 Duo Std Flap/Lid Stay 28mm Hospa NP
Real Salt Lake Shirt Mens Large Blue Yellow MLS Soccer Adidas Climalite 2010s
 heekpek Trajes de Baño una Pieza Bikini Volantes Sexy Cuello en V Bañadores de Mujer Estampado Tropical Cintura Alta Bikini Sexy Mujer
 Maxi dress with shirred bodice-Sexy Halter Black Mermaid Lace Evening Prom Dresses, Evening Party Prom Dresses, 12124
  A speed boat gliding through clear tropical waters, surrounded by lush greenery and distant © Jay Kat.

____________

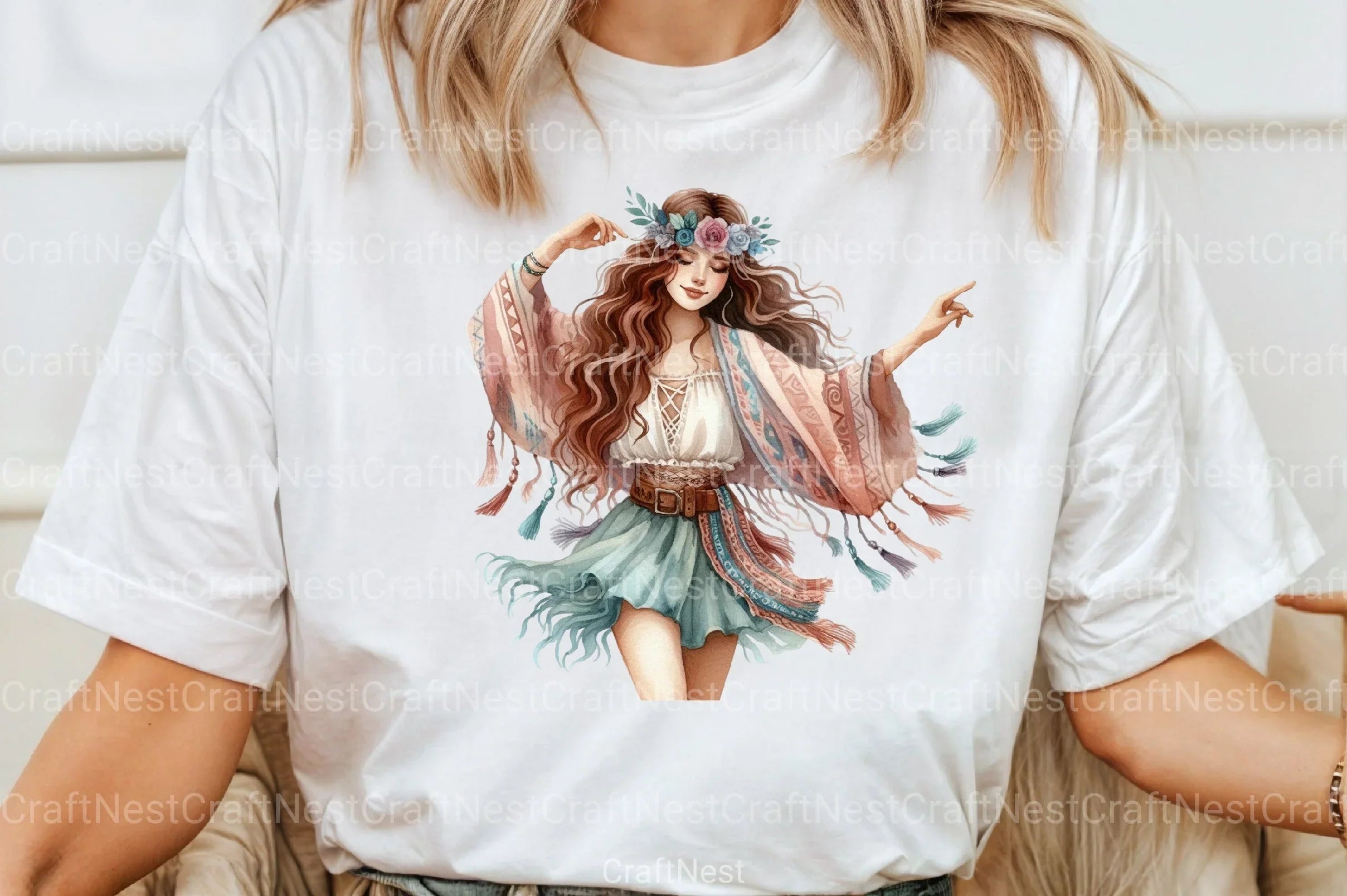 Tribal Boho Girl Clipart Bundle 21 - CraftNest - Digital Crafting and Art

____________

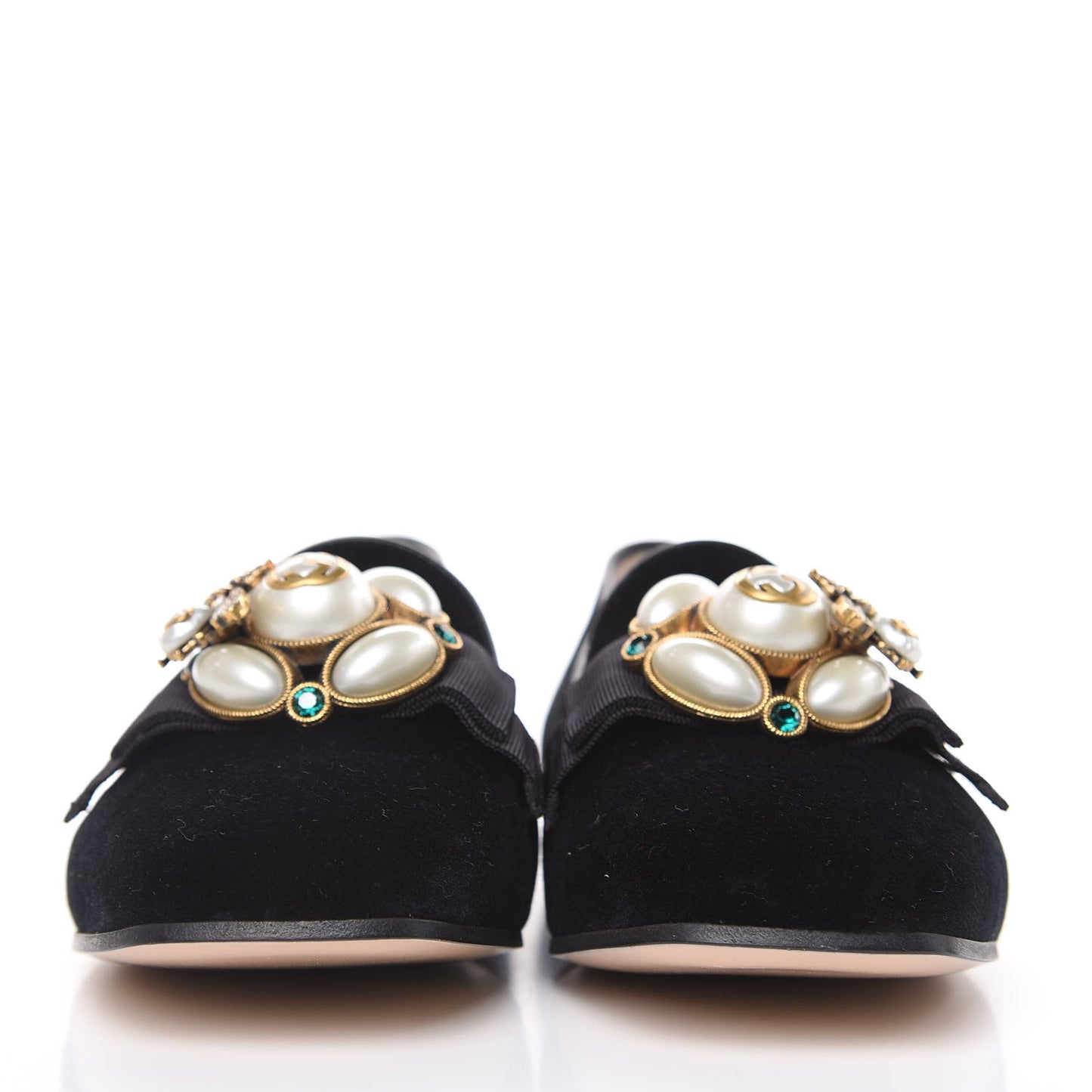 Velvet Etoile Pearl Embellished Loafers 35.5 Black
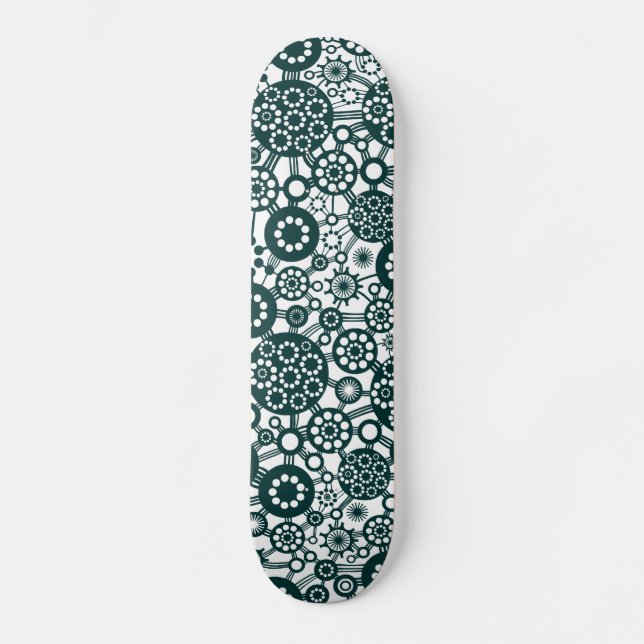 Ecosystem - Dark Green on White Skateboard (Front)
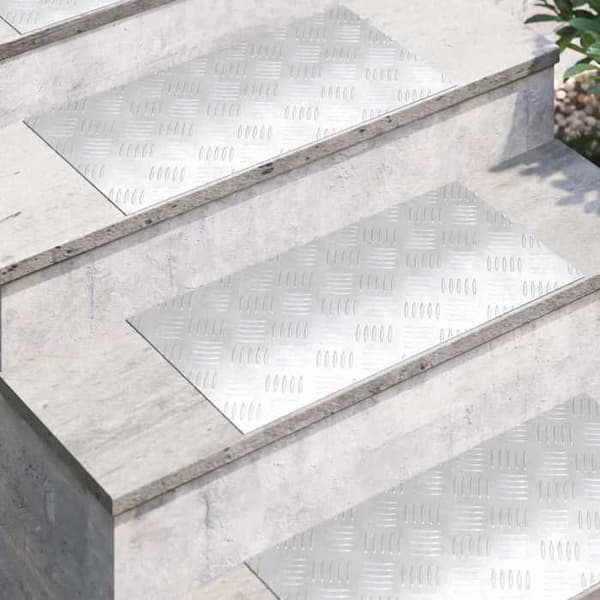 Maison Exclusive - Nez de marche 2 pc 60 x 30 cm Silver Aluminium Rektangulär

____________

**ACTION ITEM:** Copy out each line of the data above, exactly, if it lies between the line holding "Duo Std Flap/Lid Stay 28mm Hospa NP" and the line holding "A speed boat", inclusive; copy no other line.

**RESPONSE AREA:**
 Duo Std Flap/Lid Stay 28mm Hospa NP
Real Salt Lake Shirt Mens Large Blue Yellow MLS Soccer Adidas Climalite 2010s
 heekpek Trajes de Baño una Pieza Bikini Volantes Sexy Cuello en V Bañadores de Mujer Estampado Tropical Cintura Alta Bikini Sexy Mujer
 Maxi dress with shirred bodice-Sexy Halter Black Mermaid Lace Evening Prom Dresses, Evening Party Prom Dresses, 12124
  A speed boat gliding through clear tropical waters, surrounded by lush greenery and distant © Jay Kat.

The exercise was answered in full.